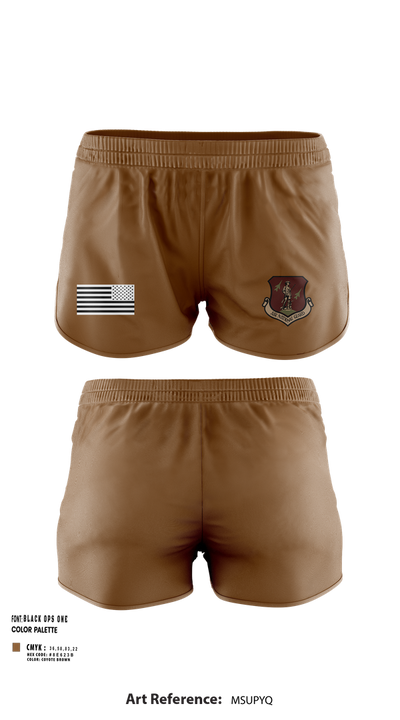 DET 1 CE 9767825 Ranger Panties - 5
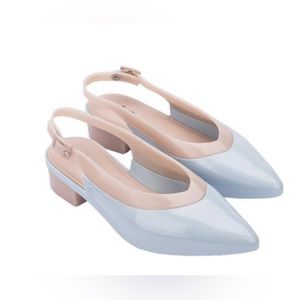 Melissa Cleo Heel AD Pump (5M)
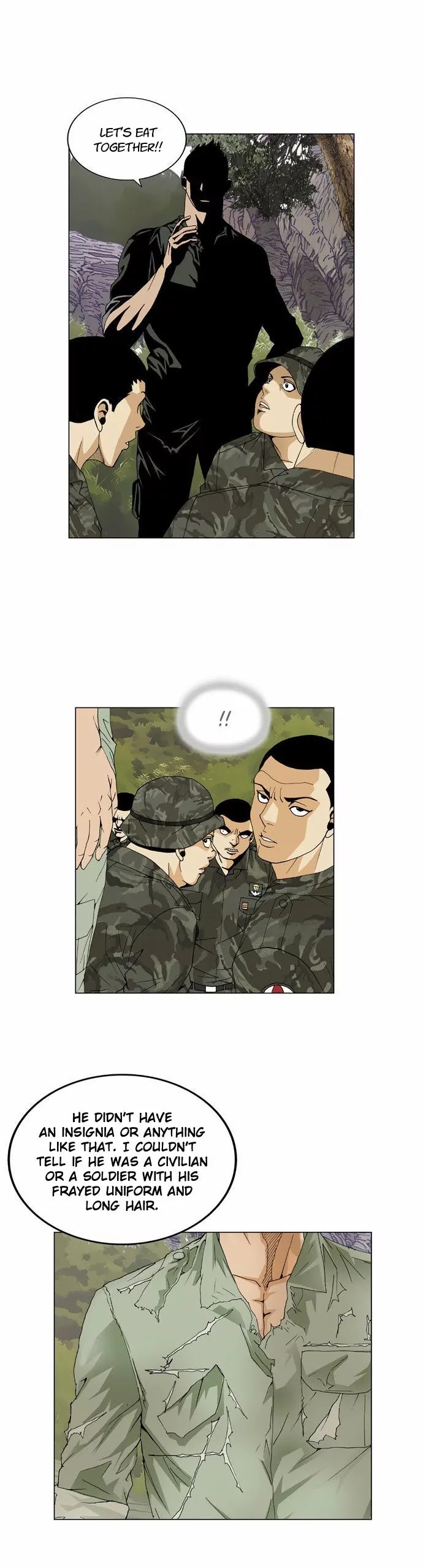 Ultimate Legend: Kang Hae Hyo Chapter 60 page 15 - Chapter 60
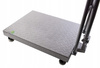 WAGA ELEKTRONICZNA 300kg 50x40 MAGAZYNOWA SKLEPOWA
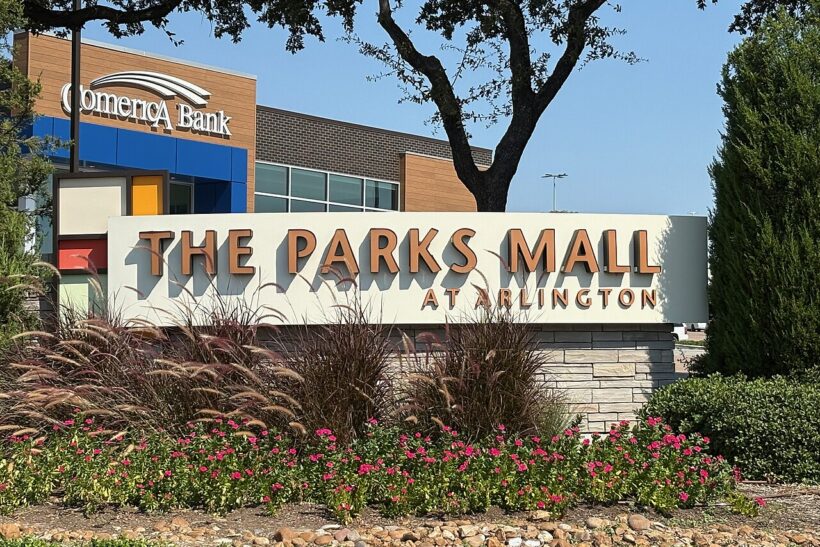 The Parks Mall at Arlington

+++

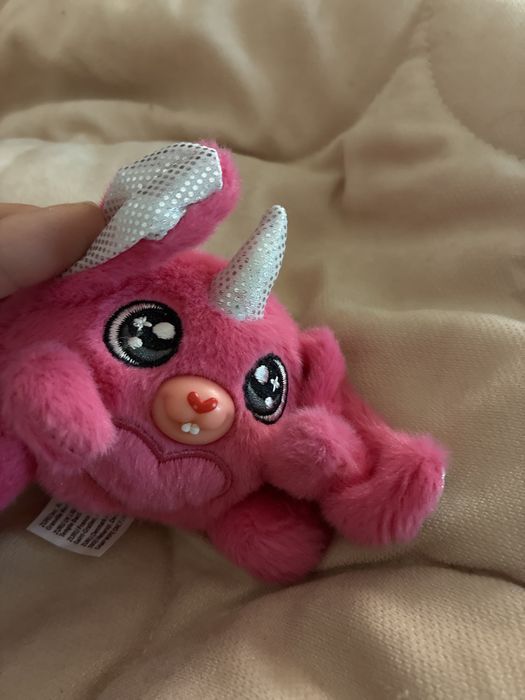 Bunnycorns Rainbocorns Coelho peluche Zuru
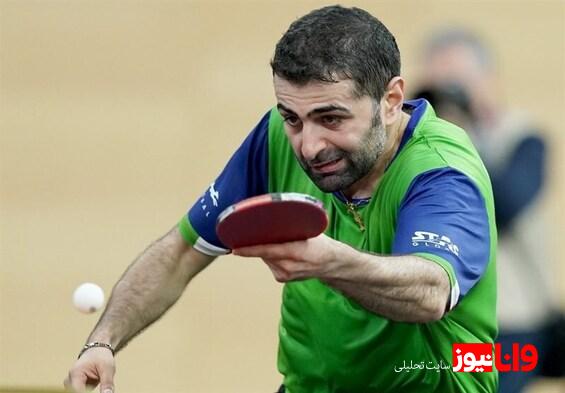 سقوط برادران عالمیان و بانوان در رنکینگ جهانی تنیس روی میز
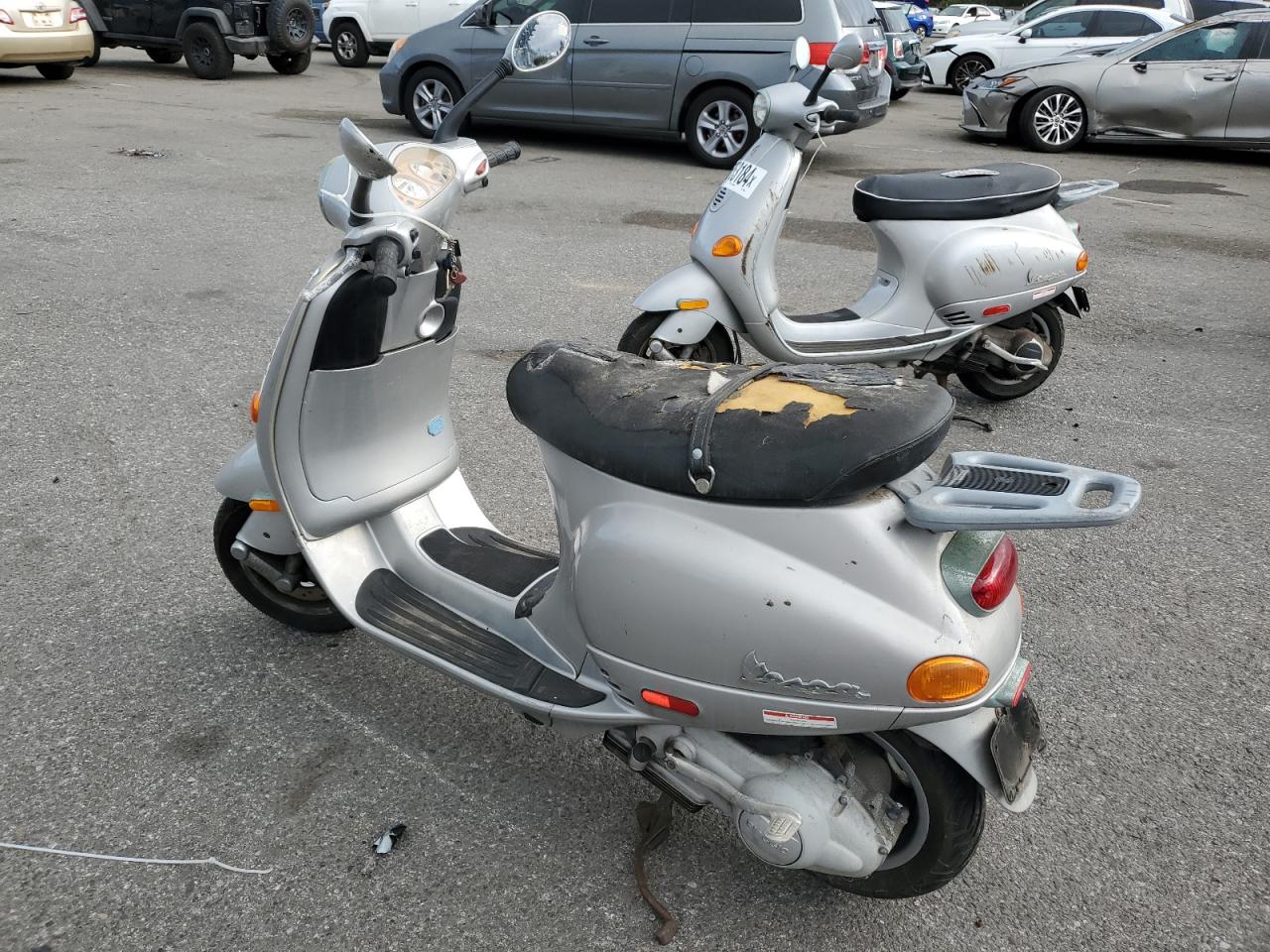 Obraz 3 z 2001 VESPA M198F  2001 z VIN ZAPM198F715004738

+++

* ACTION ITEM
Among the entries above, copy exactly the stretch from the line holding "Ultimate Legend: Kang" through the line holding "The Parks Mall at Arlington", leaving out any pictures.

* ANSWER BELOW
 Ultimate Legend: Kang Hae Hyo Chapter 60 page 15 - Chapter 60
 WAGA ELEKTRONICZNA 300kg 50x40 MAGAZYNOWA SKLEPOWA
 The Parks Mall at Arlington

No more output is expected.